2009.21 | Handheld Payment | Geek Coupons

Handheld Payment – The CEO of Twitter Jack Dorsey recently announced via Twitter his next project, code-named Squirrel. While few details are available as of yet, the rumour is that it will enable credit card payments to be processed on the iPhone.

This brings some interesting questions into play around EMV and PCI and how it would be handled. Perhaps the certification and security issues can be accommodated via the increased capability of handling peripherals supposedly enabled by the new “to-be-released-in-Summer-2009” iPhone 3.0 OS.

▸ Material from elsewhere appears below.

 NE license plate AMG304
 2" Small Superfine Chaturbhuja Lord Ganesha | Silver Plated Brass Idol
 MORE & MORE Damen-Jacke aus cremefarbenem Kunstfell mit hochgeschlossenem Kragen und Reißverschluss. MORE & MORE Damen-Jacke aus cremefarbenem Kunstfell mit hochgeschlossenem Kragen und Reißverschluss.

Squirrel could take the mobile payments impetus away from the mobile carriers, who own the infrastructure and are experimenting with how to charge for this service. Instead, it could be a regular data transaction on an iTunes App Store application – taking the carrier out of the equation. This assumes, of course, that the massive issues of security and fraud are covered to the satisfaction of the credit card companies and banks – no simple feat even without PCI and EMV requirements, though there is at least one company who is trying it.

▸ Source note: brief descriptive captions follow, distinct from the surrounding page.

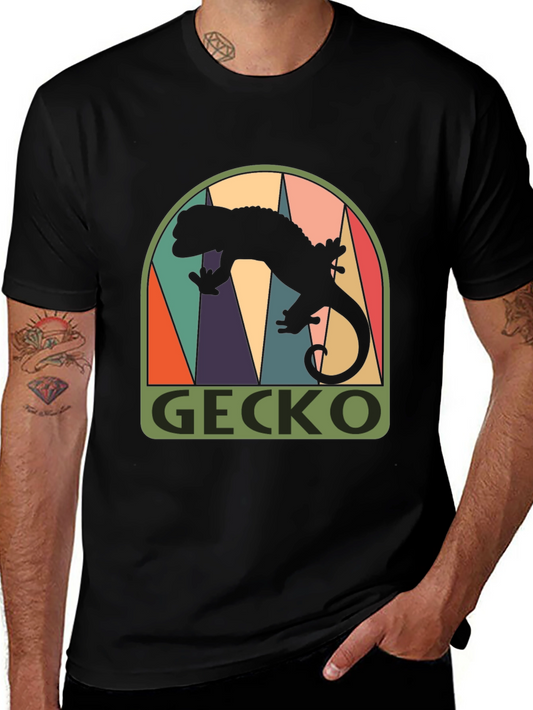 Retro Gecko Graphic Tee - Cool Black T-Shirt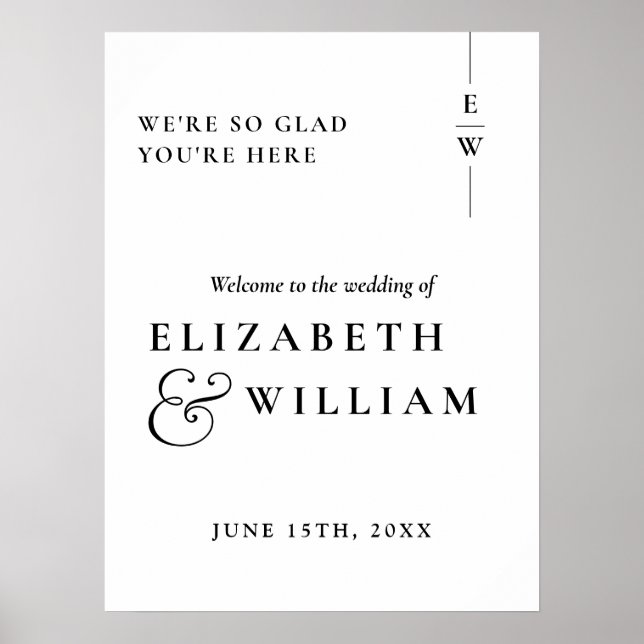 Poster Sinal de Boas-Vindas de Casamento de Monograma Bra (Frente)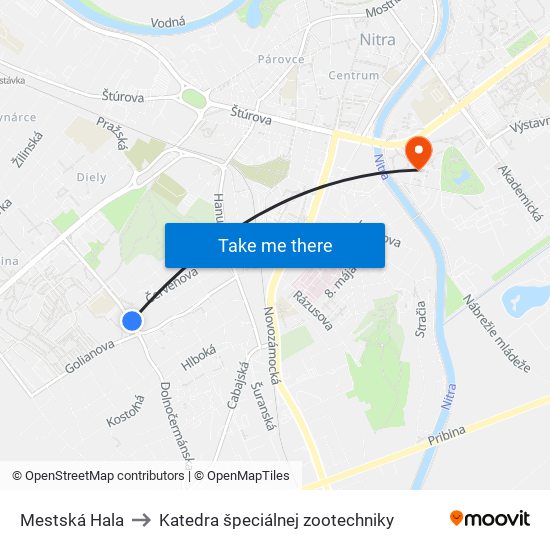 Mestská Hala to Katedra špeciálnej zootechniky map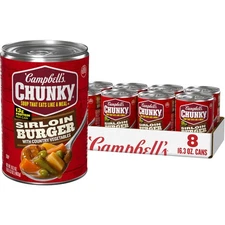 Campbell’s Chunky Soup Sirloin Burger With Country Vegetable Beef Soup Case of 8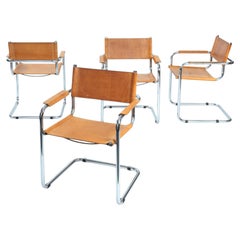4 cognacfarbene Sattelleder-Freischwinger Bauhaus s 34 b 34 Stühle, 1970er Jahre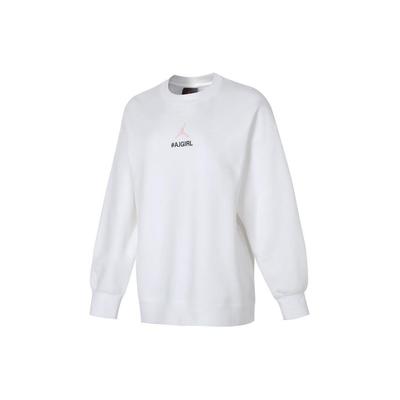Jordan Alphabet-Druckmuster Rundhalsausschnitt Locker Trainings-Sweatshirt Damen Oberteile Weiß HF1120-100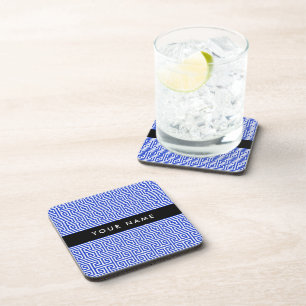 Greek Meander Key H Blue, Your Name, Personalise Coaster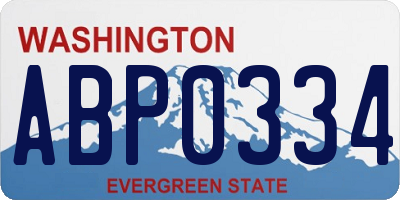 WA license plate ABP0334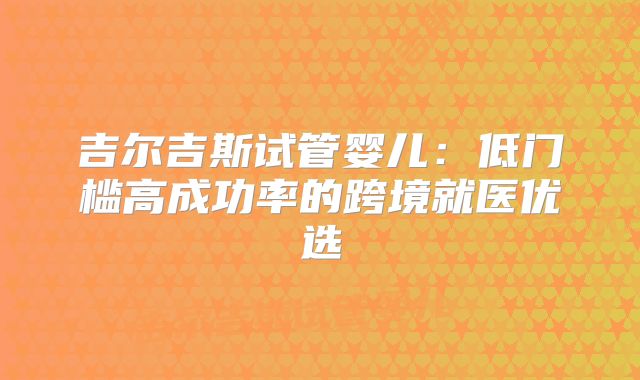 吉尔吉斯试管婴儿：低门槛高成功率的跨境就医优选
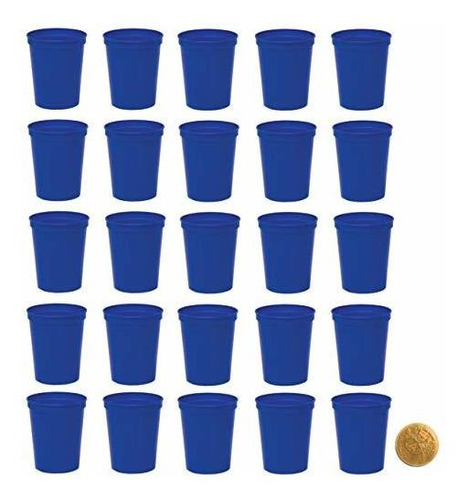 Royal Blue Plastic Party Cups, Pack Of 25, Blank 16 Oz Stadi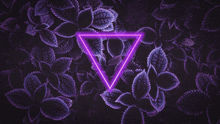 a neon triangle surrounded by purple leaves on a dark background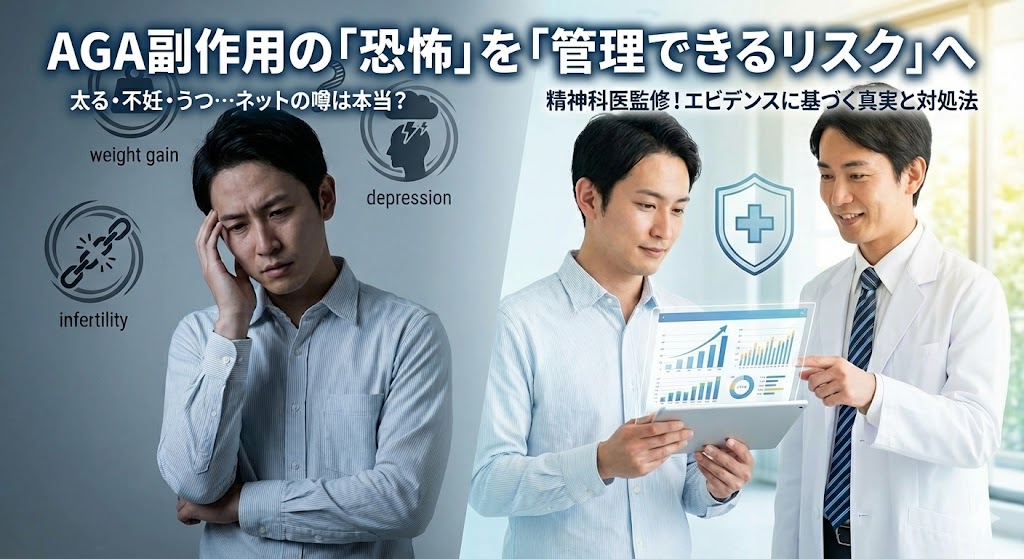 【精神科医監修】AGA治療薬の副作用は怖い?確率・不妊・うつの真実と「正しく恐れる」リスク管理術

Payments on mobile also bring us closer to the expectation that for the right retail environment a truly mobile based POS is a potentially realistic solution. Tomorrow’s retailer’s POS area could be limited only by the space in and around the store, the number of handheld devices available, and how many people they want at work that day.

Geek Coupons – Coupons and Loyalty programs really are all the rage given the Great Recession we all find ourselves in.

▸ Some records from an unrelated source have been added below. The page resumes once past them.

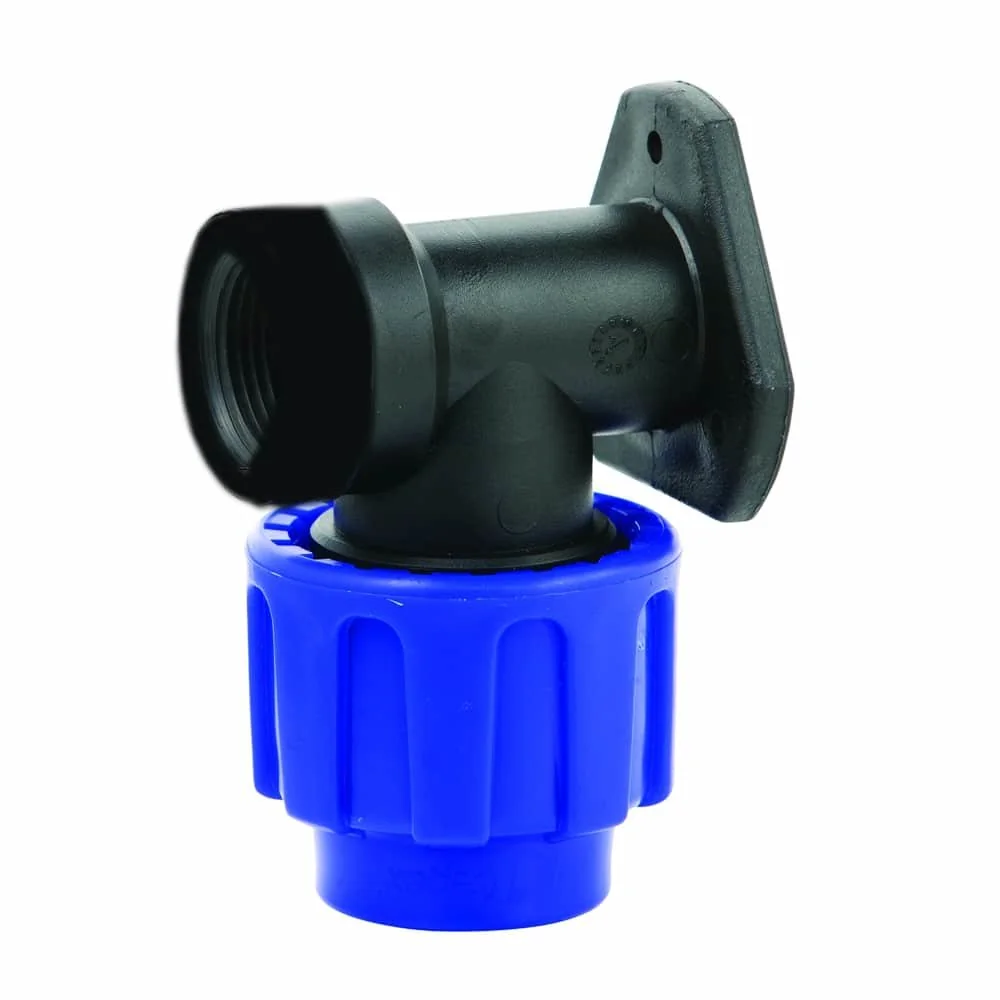 "PP PE Rohr Verschraubung 90° Wandhalterung 25 x 3/4" IG image"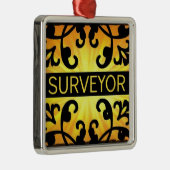 Surveyor Damask Kerstversiering Metalen Ornament (Rechts)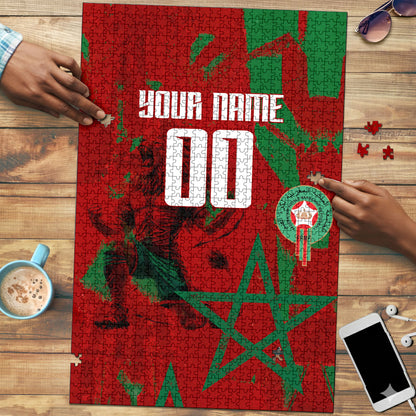 Personalized Morocco Football Puzzle Atlas Lion Grunge Star Mascot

I was recently reading a copy of Canadian Retailer and came across the horribly named (and lets face it – an awful looking ipod ripoff) GreenThingE, a keychain based electronic device that allows for electronic distribution and acceptance of coupons and loyalty cards.

The unit uses Mobeam technology from Ecrio. This technology flashes an LED at a frequency that today’s currently installed barcode scanners interpret the same as paper based barcodes.

While I find the technology intriguing, getting consumers to find coupons online and pass them to the unit via USB is an unlikely proposition. The demo on the Mobeam website says that 71% of consumers 18-24 use coupons. Do you see them sticking an ugly 2001 dollar store gadget on their keyring? Do people even still have keyrings? They scratch your mobile in your pocket.